WHAT IS NEEDED –
Look below for the lines from the one with "Class 4 flammable solids hazard placard" to the one with "Abi 2023 - Männer", and copy exactly those lines, both ends included.

RECORDS FOR THIS EXERCISE –
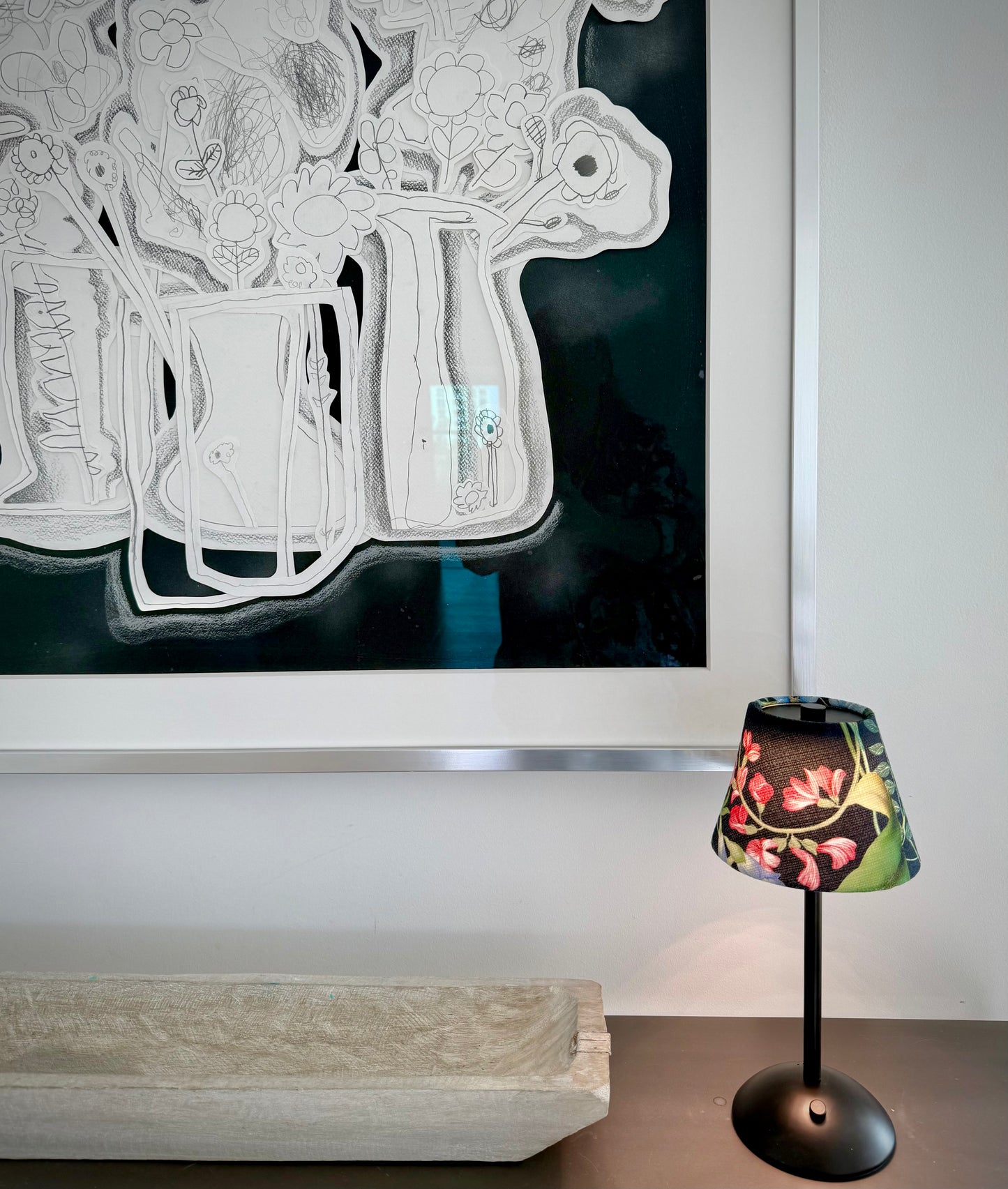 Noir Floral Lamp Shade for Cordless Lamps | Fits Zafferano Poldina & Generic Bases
==
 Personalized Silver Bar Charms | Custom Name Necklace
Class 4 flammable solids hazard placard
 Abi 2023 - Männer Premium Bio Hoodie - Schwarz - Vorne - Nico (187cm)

RESULT BELOW –
Class 4 flammable solids hazard placard
 Abi 2023 - Männer Premium Bio Hoodie - Schwarz - Vorne - Nico (187cm)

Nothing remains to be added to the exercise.